# PROVIDED DATA
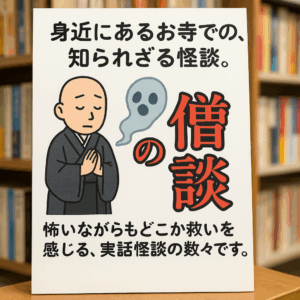 身近にあるお寺での、知られざる怪談。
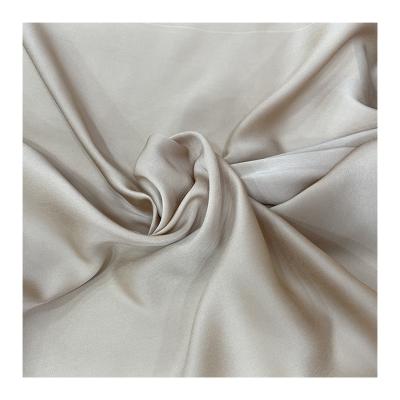 China 100% Soft Duchess Skin Fabric Satin Charmeuse Solid Peach Anti-Static Cheap Price High Quality Polyester Pajamas For Blouses for sale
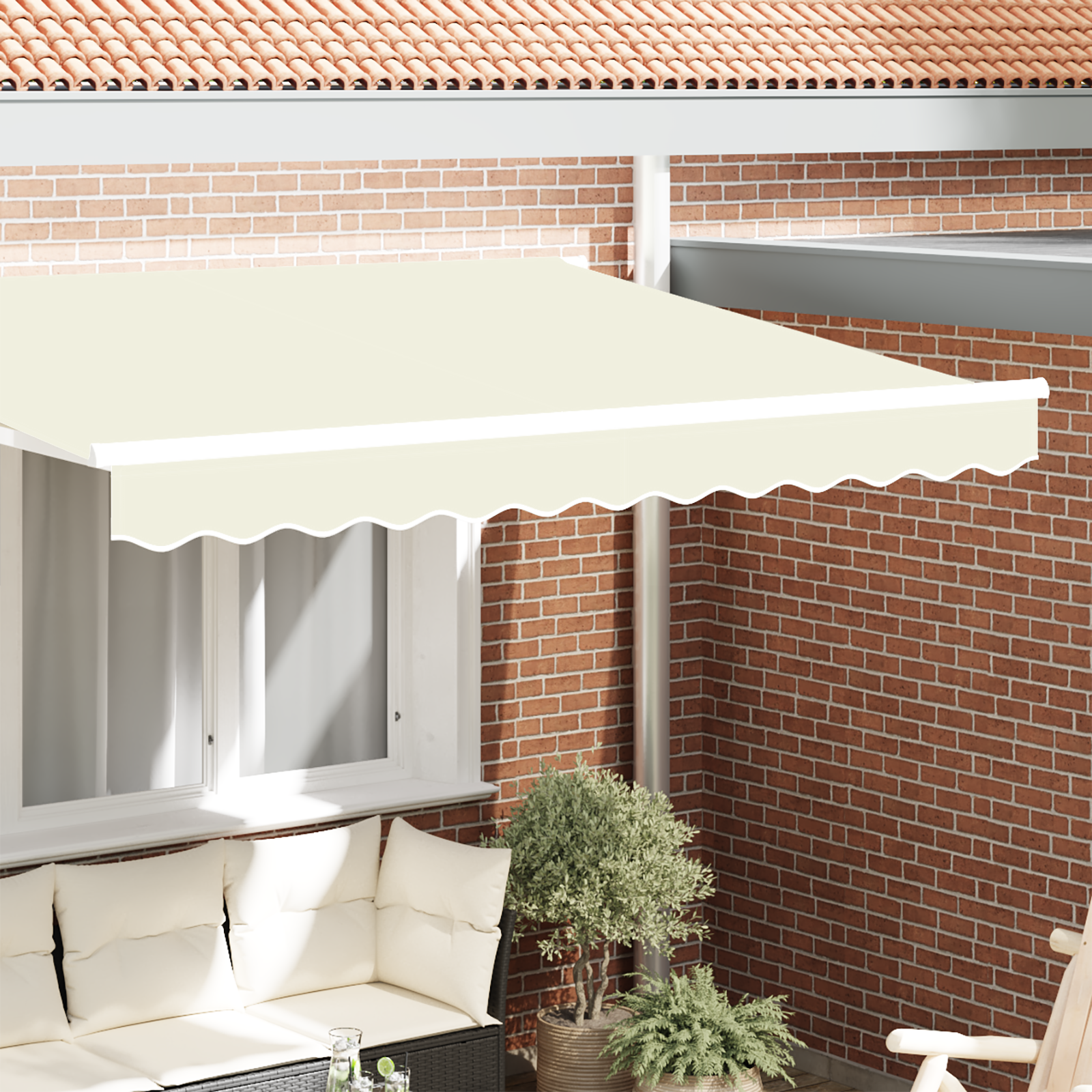 Awning Valance for 2.5 m Frame Cream 2.3x0.2 m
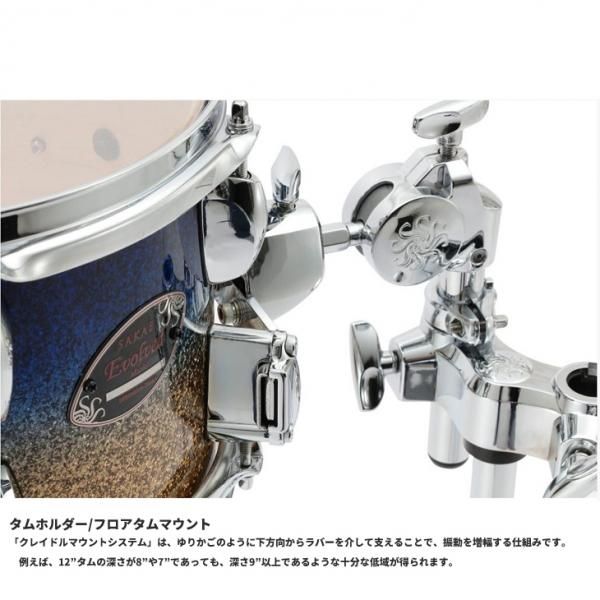 SAKAE (サカエ) Evolved 4点シェルキット (22BD 16FT 12TT 10TT) +タム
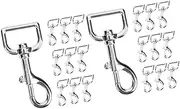 Stud Buckle Swivel Dog Leash Buckle Dog Leash Clasp Replacement Snaps S Hook Keychain for Keys Siding Hooks Metal Key Carabiner Clip Stainless Steel to Rotate Pet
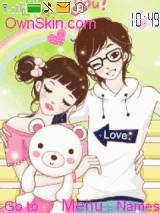 Sweet Green Couple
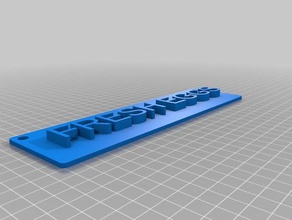 il mio personalizzato nome intelligente tag i segni loghi 3d print model - Mito3D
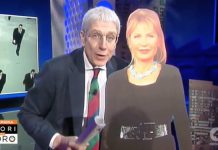 Lilli Gruber sbeffeggia Mario Giordano, lui risponde: “Ho una brutta voce, è un difetto fisico scusatemi” | VIDEO Lilli Gruber Mario Giordano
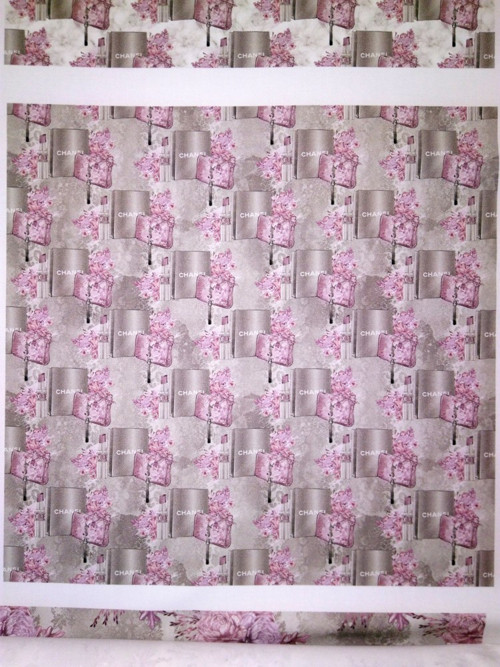 Bavlněná látka-panel 35x35 cm KOLEKCE CHANEL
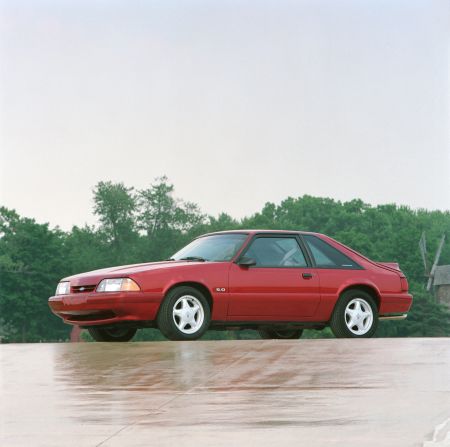 <strong>1992 Ford Mustang 5.0. </strong>The lightweight 5-liter LX outsold all other models combined in 1992. 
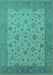 Oriental Turquoise Traditional Rug, urb982turq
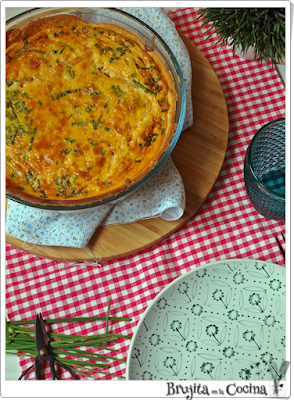 Quiche de calabaza y bacon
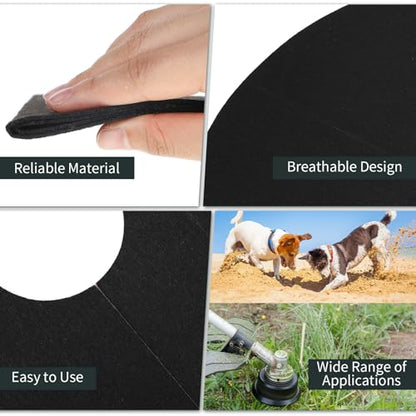 Macarrie 30 Pcs Weed Barrier Mat Tree Mulch Ring Fabric Cover, 32.2 Inch - size: 32.2 Inch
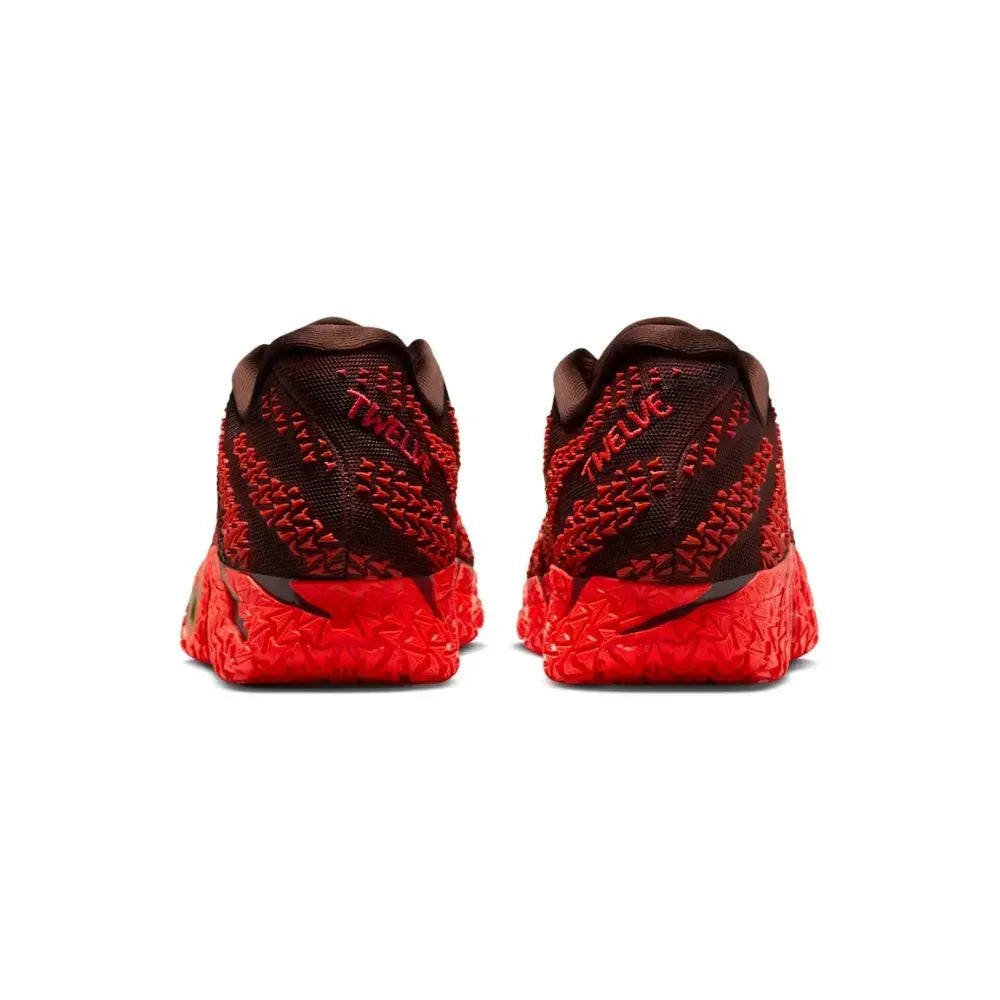 Nike Ja 3 Lunar New Year Light Chocolate and Bright Crimson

# TASK PROMPT
Output the line that contains "Macarrie 30 Pcs" and every subsequent line through the end of the entries, exactly as given, without pictures.

# RESULT FOR THIS EXERCISE
 Macarrie 30 Pcs Weed Barrier Mat Tree Mulch Ring Fabric Cover, 32.2 Inch - size: 32.2 Inch
 Nike Ja 3 Lunar New Year Light Chocolate and Bright Crimson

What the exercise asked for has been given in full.